Le titre évoque les contes narrés autrefois autour du feu (almessi). Au moins trente contributeurs ont pris part à cette initiative visant à sauver de l’oubli ces contes anciens.
L’idée est certes louable, mais ces textes se révèlent, toutefois, de véritables vecteurs de l’imaginaire arabo-musulman. C’est un « poison » qu’on sert aux générations futures. Les contes devaient être, à mon avis, réécrits et racontés, non comme le faisaient nos anciens, mais avec les mots d’aujourd’hui, tout en ayant en tête que nous menons un combat idéologique contre des régimes qui déploient tous les moyens pour nous dissoudre dans l’arabo-islamisme.
Certes, ces contes sont narrés de cette façon depuis des générations, mais rien ne nous empêche de remodeler le moule et de les façonner en leur donnant un nouveau visage.
L’esprit de l’Amazighité a déserté ces textes qu’on espère préserver, mais cette entreprise, visant à préserver, est plutôt marquée par l’esprit de la défaite. C’est de ce point de vue de la défensive que cette défense est faite et celle-ci est toujours réduite à des « défenses ». On ne pense qu’à conserver et à momifier. C’est plutôt une attitude offensive qu’il convient d’adopter pour défendre nos contes en cassant le vieux moule, en les dépoussiérant et les propulsant dans la modernité.
Il nous faut surtout de véritables perspectives.
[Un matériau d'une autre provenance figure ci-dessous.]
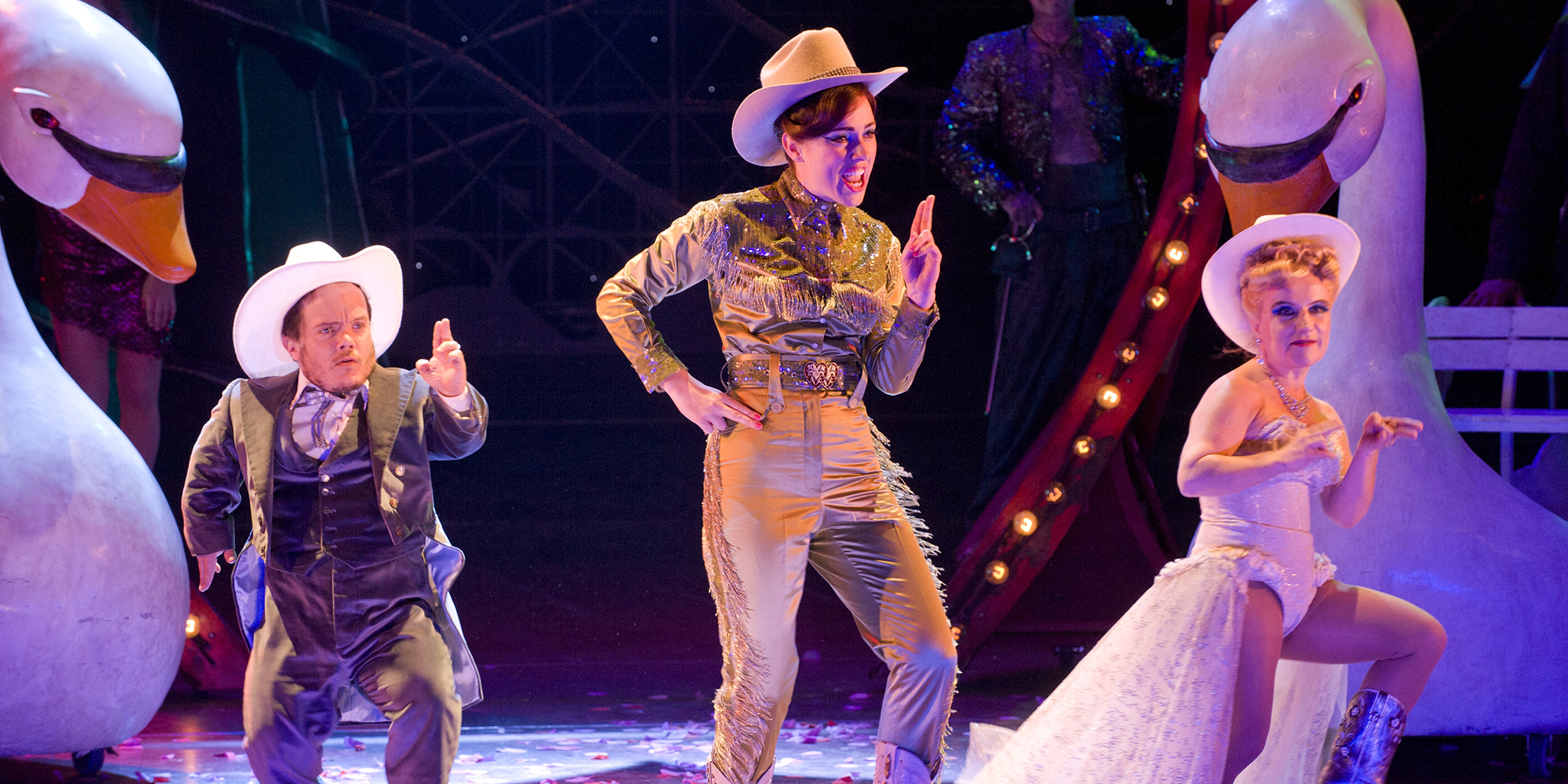 ENO Cosi Fan Tutte Max Laird, Mary Bevan, Karen Anderson Laird (c) Mike Hoban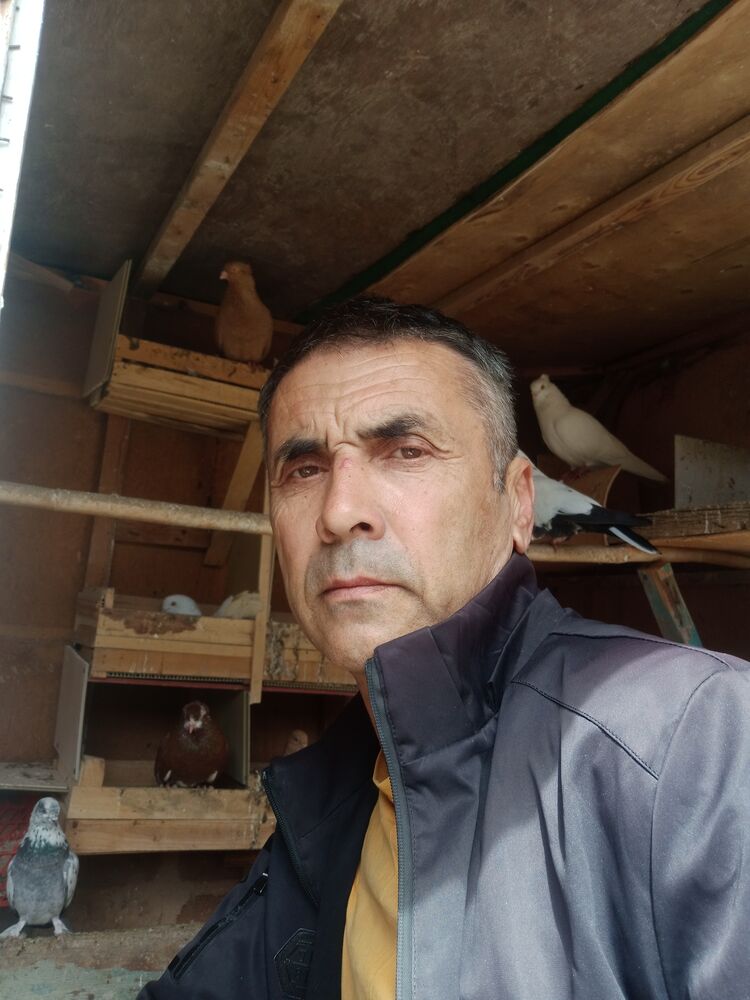  48166869  , 57 ,    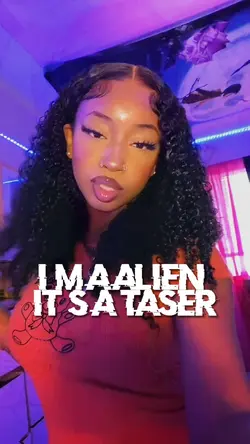 IM A ALIEN 👽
Celle, par exemple, d’inscrire cette collecte dans un projet visant à récupérer notre culture, à la débarrasser des influences néfastes de l’arabo-islamisme en donnant des noms amazighs aux personnages au lieu des « Jorha Ali », des « Mohamed », des « Fadma » et autres. Il est aussi crucial de réécrire ces textes de façon à ce que les enfants puissent les assimiler.
Il faudra par ailleurs se démarquer de l’anti-judaïsme qui caractérise la plupart de nos contes dans lesquels on retrouve souvent des expressions du type : « A yuday ad k-issekmeḍ ṛebbi » (Ô juif, que Dieu te brûle). Cette expression consacre l’infériorité des juifs, la dhimmitude et la supériorité des musulmans.
Pour mener à bien de pareils projets de collecte surtout des contes, il ne faut pas être nostalgique mais plutôt pragmatique. On ne bâtit rien de solide sur les méandres de la nostalgie.